Nussbaum is a well known and highly regarded moral and political philosopher. She writes very well and makes it clear at all times what she is doing or, a least, trying to do. However, the book is scholarly, heavily footnoted and carefully argued to the point that many readers are likely to bog down in places. Patience is required. And if not patience, then a willingness to skim. One or the other, because the book is worth the effort. It provides an introduction and analysis of key strands of thinking in Western moral philosophy. It also highlights the importance of this thinking to our contemporary world. Human nature has not changed very much in the last two thousand years.

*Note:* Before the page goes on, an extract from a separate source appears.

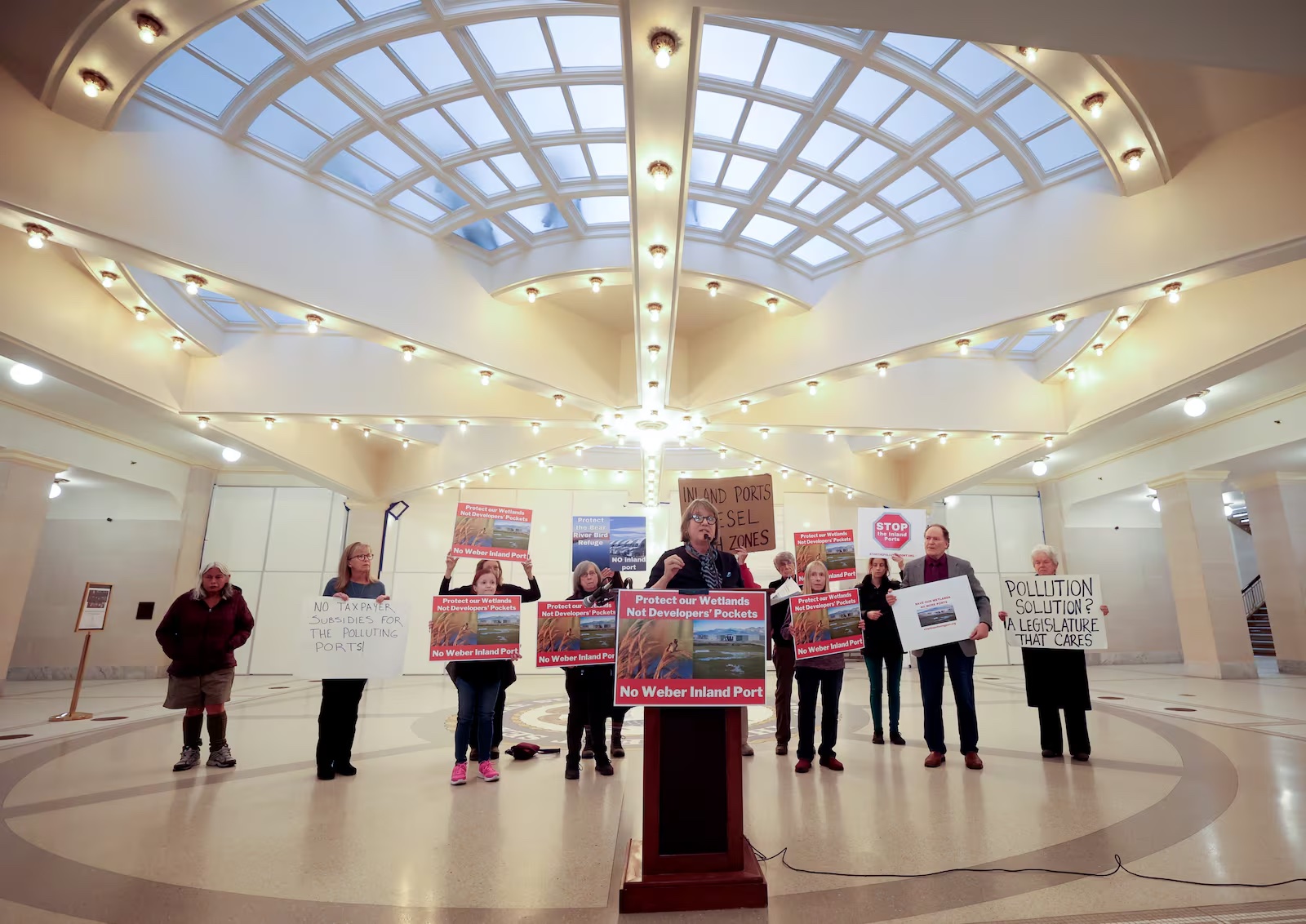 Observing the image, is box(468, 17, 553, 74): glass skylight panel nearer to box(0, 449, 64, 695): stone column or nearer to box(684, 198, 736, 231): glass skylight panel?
box(684, 198, 736, 231): glass skylight panel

The book is long and dense and cannot possibly be summarized in a review. However, some points of interest include: the recurring balance and moderation in Aristotle contrasted with his inherent elitism; the dogmatism and cult aspect of the Epicureans; the high level of detachment taught by the Skeptics – a detachment reminiscent of core Buddhist teachings; and, the complex, almost fraught, thinking of the Stoics in their attempt to provide freedom without nihilism. Above all, there is the profound commitment of all of these thinkers to philosophy as therapy: as a way to live a better life, relieved of pain and disturbance, leading to eudaimonia, a fulfilling and flourishing life.
The Therapy of Desire was originally published in 1994 and reissued with a new introduction in 2009. We should be grateful to Nussbaum and the publisher (Princeton) for keeping it available. The philosophy Nussbaum discusses in this book is as relevant today as ever – a point she makes with great lucidity.
This book presents epicureanism, stoicism & skepticism as conceptual & practical "tool" to diagnose & cure mental disease "medically" in ancient greek culture. rewarding read to the max for those who concerned about the nature & legacy of greek philosophy.